In a letter to the U.S. Department of Labor, Rep. Robert C. Scott, D-Va., called for regulations of the senior residential care industry, asking the agency to provide a full accounting of its efforts to combat the “troubling trend of wage and hour violations.”

This marks the federal government’s first step in tackling the industry’s abuse of mostly poor, immigrant caregivers, many of whom earned as little as $2 an hour to work around the clock with no days off, while some operators make millions.

Scott’s action was prompted by our recent two-part investigation, which found at least 1,400 cases in the last decade in which care-home operators broke minimum wage, overtime or record-keeping laws.
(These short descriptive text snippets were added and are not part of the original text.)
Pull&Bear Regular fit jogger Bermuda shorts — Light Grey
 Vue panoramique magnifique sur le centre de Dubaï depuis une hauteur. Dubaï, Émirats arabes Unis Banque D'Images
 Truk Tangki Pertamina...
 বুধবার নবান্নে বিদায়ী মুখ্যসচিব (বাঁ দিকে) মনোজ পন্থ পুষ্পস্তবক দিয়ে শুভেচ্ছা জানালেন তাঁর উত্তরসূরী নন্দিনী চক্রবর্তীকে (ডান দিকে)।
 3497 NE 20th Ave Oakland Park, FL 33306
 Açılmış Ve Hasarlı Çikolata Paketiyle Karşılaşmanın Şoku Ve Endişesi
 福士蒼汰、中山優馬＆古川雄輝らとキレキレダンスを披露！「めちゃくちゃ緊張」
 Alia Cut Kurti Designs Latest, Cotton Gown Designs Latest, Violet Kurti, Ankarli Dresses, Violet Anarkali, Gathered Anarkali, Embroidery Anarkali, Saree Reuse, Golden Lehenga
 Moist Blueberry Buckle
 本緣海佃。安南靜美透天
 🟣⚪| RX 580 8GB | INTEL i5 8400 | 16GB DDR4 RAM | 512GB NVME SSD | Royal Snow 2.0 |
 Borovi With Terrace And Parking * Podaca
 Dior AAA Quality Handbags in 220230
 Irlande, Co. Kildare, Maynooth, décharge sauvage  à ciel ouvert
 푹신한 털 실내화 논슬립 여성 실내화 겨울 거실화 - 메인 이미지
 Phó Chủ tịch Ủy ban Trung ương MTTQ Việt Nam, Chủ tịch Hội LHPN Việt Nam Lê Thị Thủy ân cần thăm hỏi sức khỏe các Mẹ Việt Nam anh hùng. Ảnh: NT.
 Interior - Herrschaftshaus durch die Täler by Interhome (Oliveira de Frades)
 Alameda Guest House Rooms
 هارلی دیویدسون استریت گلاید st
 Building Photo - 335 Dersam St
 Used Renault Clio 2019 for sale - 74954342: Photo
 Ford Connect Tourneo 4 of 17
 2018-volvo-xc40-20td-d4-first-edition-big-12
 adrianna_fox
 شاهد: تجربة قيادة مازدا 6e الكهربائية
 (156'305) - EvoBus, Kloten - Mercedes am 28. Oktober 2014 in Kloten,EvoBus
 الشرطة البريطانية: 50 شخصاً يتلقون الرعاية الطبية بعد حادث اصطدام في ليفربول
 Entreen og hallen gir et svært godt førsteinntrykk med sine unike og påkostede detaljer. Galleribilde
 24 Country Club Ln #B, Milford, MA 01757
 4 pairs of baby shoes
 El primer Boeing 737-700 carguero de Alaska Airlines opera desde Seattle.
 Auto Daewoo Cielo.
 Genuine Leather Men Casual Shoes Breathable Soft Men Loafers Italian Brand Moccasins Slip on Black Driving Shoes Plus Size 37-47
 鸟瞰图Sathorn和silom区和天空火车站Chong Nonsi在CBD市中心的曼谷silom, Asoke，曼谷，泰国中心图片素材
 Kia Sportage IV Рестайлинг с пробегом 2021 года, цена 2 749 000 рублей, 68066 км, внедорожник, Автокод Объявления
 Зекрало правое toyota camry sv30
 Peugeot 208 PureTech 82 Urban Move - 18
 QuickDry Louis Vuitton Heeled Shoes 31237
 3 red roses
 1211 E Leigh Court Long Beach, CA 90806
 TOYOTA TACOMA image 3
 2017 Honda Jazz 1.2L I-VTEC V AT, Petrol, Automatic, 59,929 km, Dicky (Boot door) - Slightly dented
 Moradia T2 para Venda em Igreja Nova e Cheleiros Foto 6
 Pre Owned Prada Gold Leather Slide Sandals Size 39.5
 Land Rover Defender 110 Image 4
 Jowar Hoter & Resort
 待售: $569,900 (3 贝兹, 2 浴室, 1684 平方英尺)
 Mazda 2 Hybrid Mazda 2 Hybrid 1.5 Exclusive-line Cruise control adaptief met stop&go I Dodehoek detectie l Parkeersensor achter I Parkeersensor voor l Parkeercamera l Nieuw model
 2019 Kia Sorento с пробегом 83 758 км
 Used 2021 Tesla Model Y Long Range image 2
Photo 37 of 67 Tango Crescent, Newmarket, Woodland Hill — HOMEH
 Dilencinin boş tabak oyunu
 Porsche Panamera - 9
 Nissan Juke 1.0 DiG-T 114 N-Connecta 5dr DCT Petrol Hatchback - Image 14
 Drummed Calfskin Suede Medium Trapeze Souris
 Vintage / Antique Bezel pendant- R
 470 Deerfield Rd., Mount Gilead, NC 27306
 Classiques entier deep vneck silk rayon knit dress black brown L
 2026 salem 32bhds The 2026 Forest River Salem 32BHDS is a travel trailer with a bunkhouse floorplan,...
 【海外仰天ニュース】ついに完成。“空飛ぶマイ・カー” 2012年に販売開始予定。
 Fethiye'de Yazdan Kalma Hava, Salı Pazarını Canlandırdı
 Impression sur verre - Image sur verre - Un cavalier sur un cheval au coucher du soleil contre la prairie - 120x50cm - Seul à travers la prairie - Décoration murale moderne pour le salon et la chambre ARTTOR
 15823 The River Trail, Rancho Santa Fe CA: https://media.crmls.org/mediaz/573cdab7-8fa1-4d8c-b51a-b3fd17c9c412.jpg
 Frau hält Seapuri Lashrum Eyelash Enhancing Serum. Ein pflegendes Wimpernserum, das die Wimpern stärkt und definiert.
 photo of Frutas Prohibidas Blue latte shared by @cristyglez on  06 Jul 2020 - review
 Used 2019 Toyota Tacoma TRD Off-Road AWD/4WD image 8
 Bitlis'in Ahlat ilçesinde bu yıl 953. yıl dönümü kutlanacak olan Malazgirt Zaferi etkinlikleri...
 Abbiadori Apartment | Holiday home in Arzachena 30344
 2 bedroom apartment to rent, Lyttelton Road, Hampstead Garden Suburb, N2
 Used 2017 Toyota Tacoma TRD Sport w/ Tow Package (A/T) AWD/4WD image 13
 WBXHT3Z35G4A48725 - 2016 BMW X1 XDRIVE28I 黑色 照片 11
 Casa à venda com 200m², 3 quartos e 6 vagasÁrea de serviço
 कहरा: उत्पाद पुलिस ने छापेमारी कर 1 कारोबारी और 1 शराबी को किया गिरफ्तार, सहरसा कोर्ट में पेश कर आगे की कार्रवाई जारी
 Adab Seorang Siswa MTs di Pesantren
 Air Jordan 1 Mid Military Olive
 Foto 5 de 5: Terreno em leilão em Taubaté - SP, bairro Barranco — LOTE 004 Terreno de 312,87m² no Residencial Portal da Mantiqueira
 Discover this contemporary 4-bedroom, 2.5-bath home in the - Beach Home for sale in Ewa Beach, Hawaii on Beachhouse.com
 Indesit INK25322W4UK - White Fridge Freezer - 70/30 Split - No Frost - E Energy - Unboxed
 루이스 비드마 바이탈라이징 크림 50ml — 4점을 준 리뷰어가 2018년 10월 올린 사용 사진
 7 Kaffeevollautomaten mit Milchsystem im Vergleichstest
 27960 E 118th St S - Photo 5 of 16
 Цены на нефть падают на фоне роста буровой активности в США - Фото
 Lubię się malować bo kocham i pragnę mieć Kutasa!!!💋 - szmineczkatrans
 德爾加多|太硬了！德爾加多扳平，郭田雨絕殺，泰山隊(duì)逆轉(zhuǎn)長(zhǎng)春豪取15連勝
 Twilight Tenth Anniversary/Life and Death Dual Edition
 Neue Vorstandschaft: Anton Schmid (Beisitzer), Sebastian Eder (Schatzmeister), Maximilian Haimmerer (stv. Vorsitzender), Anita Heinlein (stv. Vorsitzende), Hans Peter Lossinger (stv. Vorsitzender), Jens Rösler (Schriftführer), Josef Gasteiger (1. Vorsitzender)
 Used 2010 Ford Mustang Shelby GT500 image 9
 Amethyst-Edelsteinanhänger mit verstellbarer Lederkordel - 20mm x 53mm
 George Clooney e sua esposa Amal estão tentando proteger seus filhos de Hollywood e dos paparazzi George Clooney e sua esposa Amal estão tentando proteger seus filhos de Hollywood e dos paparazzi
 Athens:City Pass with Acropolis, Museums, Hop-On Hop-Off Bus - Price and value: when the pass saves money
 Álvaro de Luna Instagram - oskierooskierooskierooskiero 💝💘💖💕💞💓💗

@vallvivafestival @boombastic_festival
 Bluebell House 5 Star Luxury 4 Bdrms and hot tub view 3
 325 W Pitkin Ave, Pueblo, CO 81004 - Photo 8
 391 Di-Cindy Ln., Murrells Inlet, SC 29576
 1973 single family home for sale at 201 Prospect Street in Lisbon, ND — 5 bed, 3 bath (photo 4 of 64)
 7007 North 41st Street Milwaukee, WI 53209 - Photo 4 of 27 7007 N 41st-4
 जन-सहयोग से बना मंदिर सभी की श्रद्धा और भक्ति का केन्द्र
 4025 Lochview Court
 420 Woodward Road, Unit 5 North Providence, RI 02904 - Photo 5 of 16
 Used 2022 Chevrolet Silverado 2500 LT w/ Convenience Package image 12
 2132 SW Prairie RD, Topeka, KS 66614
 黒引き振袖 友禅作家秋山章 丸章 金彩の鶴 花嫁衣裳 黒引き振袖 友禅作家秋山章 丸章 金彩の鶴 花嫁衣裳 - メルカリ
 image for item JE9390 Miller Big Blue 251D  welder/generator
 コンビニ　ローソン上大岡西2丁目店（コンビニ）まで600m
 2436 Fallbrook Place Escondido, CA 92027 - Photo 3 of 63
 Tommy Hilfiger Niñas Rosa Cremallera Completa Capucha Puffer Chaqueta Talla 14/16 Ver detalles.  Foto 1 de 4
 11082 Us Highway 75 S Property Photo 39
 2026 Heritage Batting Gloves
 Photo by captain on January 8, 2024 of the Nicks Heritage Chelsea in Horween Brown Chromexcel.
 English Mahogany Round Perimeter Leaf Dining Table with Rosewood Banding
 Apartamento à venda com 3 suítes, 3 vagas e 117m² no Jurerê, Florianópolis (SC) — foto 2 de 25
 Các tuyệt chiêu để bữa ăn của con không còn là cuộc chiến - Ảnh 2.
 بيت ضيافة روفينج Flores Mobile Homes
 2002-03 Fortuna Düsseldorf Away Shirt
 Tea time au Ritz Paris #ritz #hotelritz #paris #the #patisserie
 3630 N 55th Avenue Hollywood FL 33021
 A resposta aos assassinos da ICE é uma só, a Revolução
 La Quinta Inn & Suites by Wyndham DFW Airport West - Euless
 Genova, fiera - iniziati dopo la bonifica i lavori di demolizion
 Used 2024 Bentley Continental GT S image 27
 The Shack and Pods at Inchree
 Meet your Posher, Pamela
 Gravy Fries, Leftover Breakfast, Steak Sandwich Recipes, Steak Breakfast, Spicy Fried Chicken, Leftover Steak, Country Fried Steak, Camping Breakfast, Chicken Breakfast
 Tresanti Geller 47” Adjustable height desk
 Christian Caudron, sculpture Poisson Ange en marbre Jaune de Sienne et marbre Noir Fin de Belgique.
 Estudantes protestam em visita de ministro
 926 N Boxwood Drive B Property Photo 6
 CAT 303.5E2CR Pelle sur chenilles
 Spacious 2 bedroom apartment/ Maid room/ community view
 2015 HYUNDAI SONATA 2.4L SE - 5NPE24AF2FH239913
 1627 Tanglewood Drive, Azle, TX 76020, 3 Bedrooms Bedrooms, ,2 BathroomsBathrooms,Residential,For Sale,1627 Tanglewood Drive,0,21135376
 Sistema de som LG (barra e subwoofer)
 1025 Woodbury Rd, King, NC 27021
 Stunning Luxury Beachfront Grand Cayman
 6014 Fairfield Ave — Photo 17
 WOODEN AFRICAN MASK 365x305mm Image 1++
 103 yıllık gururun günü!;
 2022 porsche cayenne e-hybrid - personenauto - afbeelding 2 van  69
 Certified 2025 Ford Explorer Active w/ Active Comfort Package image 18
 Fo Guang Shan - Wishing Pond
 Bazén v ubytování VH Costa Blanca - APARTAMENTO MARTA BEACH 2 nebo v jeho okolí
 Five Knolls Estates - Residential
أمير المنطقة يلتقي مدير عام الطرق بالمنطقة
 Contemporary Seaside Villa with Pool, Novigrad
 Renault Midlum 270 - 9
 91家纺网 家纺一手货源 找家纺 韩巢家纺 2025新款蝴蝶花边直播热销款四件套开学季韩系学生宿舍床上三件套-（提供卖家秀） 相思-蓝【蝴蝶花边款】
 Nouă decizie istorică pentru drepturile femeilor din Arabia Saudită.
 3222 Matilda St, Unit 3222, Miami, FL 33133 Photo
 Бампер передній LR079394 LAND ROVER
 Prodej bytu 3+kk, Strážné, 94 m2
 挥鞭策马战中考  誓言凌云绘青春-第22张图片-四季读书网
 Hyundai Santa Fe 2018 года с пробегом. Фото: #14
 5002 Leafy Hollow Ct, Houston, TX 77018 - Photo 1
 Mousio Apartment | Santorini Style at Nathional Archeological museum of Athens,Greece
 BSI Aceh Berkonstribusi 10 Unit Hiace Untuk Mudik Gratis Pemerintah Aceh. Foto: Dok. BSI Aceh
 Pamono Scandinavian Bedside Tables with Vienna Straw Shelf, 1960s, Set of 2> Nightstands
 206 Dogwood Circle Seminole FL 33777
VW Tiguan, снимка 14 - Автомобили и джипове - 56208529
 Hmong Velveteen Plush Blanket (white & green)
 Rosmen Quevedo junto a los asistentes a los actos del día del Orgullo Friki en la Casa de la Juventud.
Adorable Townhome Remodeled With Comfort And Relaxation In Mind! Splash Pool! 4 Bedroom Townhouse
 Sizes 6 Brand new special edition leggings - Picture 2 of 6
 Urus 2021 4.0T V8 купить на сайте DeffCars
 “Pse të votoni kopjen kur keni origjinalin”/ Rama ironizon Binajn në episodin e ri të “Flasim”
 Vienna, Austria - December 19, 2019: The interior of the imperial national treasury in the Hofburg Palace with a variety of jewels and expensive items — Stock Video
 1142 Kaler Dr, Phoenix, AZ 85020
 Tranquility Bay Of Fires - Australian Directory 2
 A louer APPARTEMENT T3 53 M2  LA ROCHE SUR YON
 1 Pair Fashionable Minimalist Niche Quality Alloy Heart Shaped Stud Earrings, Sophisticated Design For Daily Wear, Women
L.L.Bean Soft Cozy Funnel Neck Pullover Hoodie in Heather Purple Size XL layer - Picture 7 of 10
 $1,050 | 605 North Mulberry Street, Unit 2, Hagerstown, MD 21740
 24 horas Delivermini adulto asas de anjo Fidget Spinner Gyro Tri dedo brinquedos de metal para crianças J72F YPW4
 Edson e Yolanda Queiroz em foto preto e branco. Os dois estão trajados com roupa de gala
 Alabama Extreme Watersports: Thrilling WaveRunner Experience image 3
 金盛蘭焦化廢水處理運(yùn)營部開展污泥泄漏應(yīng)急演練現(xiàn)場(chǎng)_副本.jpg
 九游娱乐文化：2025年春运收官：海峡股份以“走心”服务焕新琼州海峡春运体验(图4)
Our investigation already has received responses at the state level, as the California Fair Employment and Housing Department is launching a new education and outreach campaign aimed at thwarting employment discrimination in the industry.

Read the story here.
Can algorithms be racist? Trump’s housing department says no

The U.S. Department of Housing and Urban Development is circulating new rules that would make it nearly impossible for banks – or landlords or homeowners insurance companies – to be sued when their algorithms result in people of color being disproportionately denied housing.

Last year, we used a statistical analysis in our series on modern redlining and found that, in 61 cities, people of color were far more likely to be turned down for a home loan than their white counterparts – even when they made the same amount of money, tried to take out the same size loan and buy in the same neighborhood.

The rules introduce loopholes that would make it easier for businesses to dispute discrimination claims. Lisa Rice, president of the National Fair Housing Alliance, said she is concerned that if these rules are put in place, similar methods of discrimination might be applied to other departments as well.

“Once they strike it down in housing, they’re going to try and strike it down in education and they’ll try and strike it down in transportation and health care and so forth and so on, and we just cannot let that happen.”

Read the story here.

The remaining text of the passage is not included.